A year from now, moderate conservatives will look back on the horrors of Charlottesville as the moment they were saved from their alt-right egos.
At least, they should.
The brutal scenes, where the swastika flew and a young woman was deliberately felled by a car, finally made explicit what had been tacitly accepted by a cadre of right-wing activists interested in humbling the (left-wing) elites: the inclusion of so-called “white nationalists” into the U.S. conservative coalition.
What the Tea Party started in the flesh, and the so-called “alt-right” turbocharged online, the white supremacists and neo-Nazis ran with and have now finished with their display on the streets of Virginia.

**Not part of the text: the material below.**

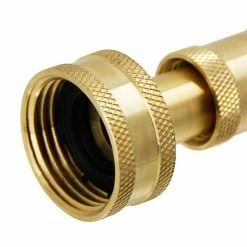 Dyiom 3/4 in. Heavy-Duty Brass Adjustable Twist Water Garden Hose Nozzle with10 Rubber Washers (2-Pack) 11 Dyiom 3/4 in. Heavy-Duty Brass Adjustable Twist Water Garden Hose Nozzle with10 Rubber Washers (2-Pack) -Sunnydaze Decor Sales dyiom nozzles wands b08q8hpg8c 4f 1000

Or, should I say, ought to have finished.
For his part, Donald Trump appears unwilling to cut the cord with a key constituency of his political base.
After taking two days to condemn the race-baiters in Charlottesville, President Trump reverted to form the very next day, when he drew an angry equivalency between the alt-right and what he termed the “alt-left.”
Trump’s obstinance in the face of such disgusting bigotry forces conservative politicians — many of whom owe their election to Trump’s coalition — into a choice.
Call it the Charlottesville Test: Would I be proud to march with my brothers and sisters in the harsh light of day with the world watching?
If the answer is “no”, the barge poles must be deployed. There isn’t enough distance they can put between themselves and their president.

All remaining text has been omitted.